[[ Data for processing open ]]
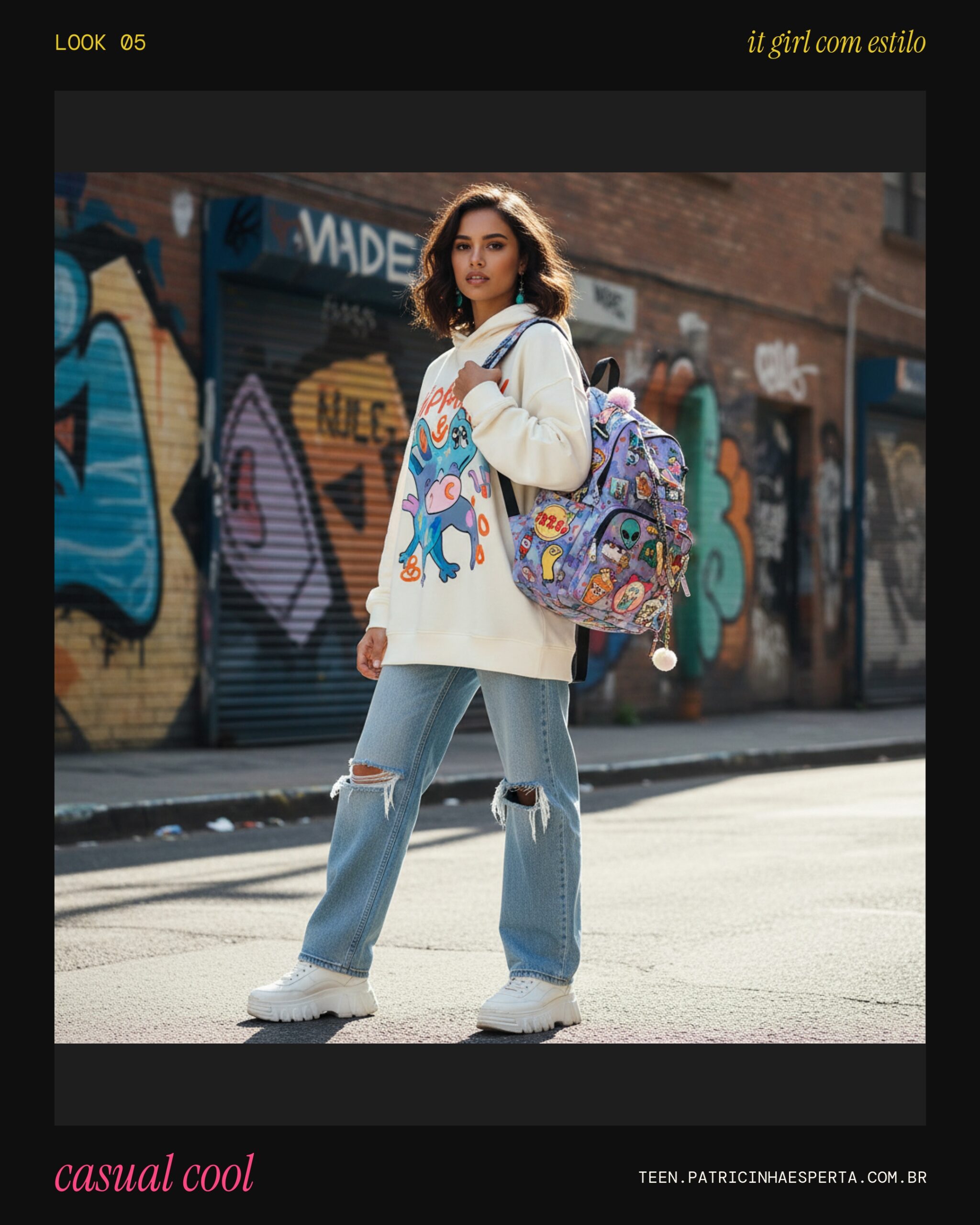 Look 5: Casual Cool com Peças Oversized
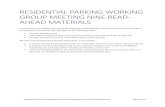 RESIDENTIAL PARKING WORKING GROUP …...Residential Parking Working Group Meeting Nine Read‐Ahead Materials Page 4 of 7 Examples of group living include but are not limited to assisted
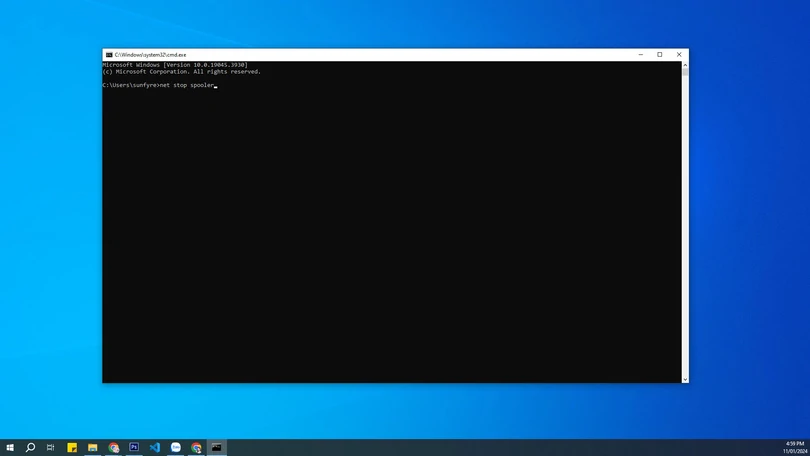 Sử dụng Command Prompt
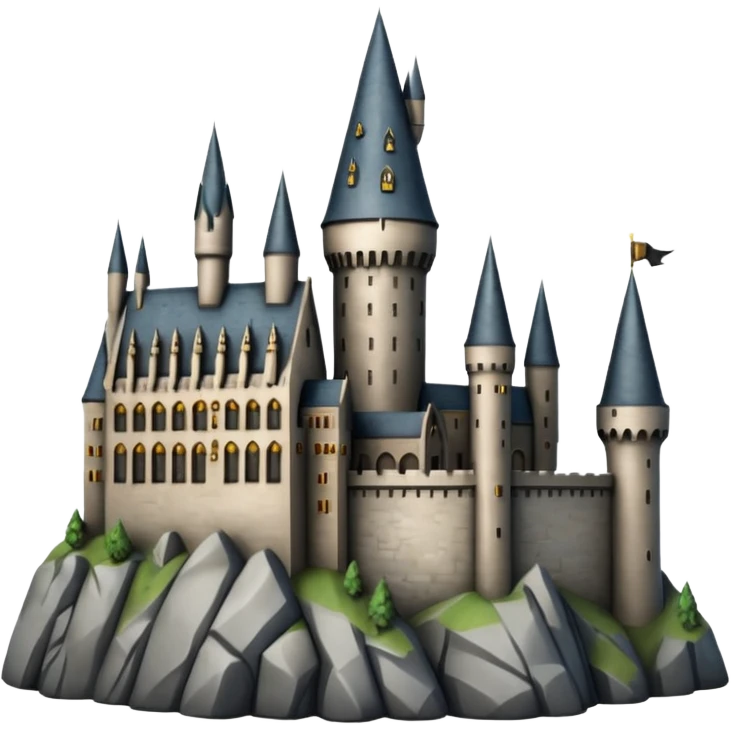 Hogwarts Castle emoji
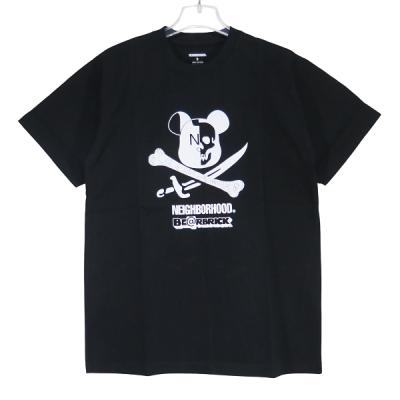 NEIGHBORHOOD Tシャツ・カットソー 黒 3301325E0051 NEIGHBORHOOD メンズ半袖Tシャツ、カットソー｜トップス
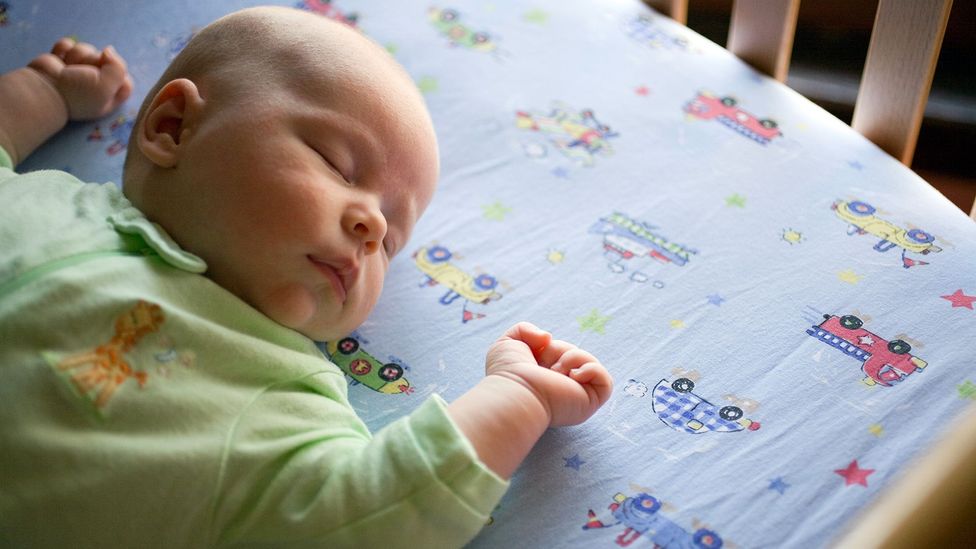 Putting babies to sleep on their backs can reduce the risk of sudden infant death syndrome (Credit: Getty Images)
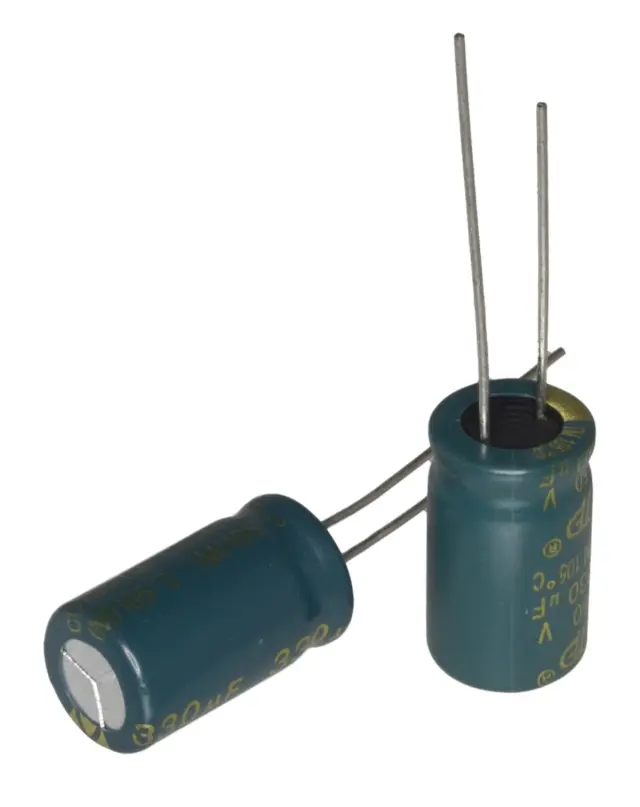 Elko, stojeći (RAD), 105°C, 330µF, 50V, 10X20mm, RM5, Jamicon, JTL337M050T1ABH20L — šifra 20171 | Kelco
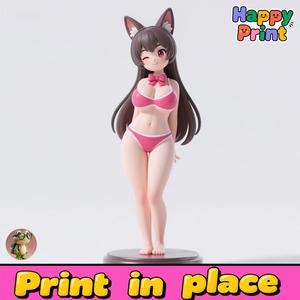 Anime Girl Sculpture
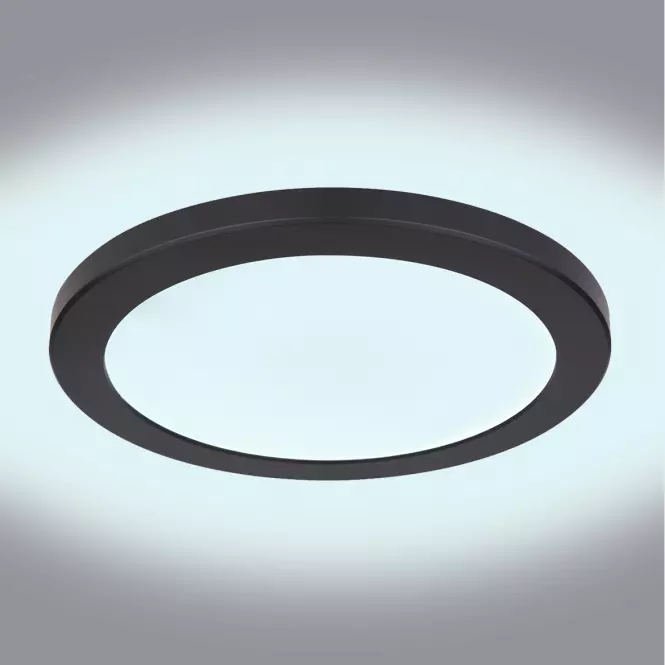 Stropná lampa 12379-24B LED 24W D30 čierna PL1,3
[[ Data for processing closed ]]
[[ Data for processing open ]]
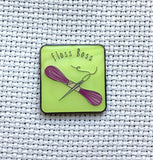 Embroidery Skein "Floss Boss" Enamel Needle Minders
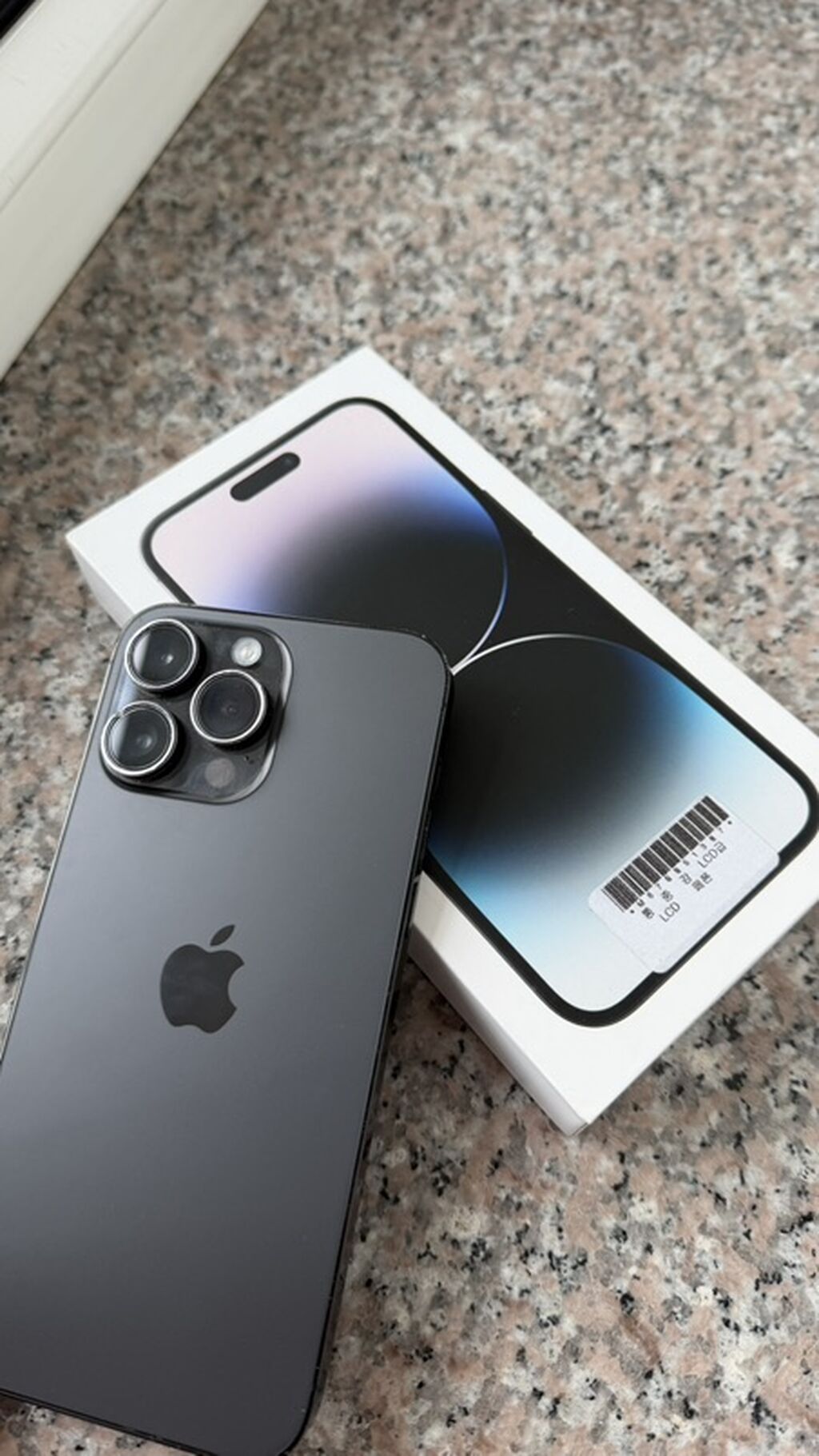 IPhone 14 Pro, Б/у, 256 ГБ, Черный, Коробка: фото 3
[[ Data for processing closed ]]
## [Problem to work on]
Return exactly the stretch above whose first line contains "Look 5: Casual Cool com Peças Oversized" and whose last line contains "Putting babies to", and nothing outside it. The pictures should not appear.

## [Output of the task]
 Look 5: Casual Cool com Peças Oversized
 RESIDENTIAL PARKING WORKING GROUP …...Residential Parking Working Group Meeting Nine Read‐Ahead Materials Page 4 of 7 Examples of group living include but are not limited to assisted
 Sử dụng Command Prompt
 Hogwarts Castle emoji
 NEIGHBORHOOD Tシャツ・カットソー 黒 3301325E0051 NEIGHBORHOOD メンズ半袖Tシャツ、カットソー｜トップス
 Putting babies to sleep on their backs can reduce the risk of sudden infant death syndrome (Credit: Getty Images)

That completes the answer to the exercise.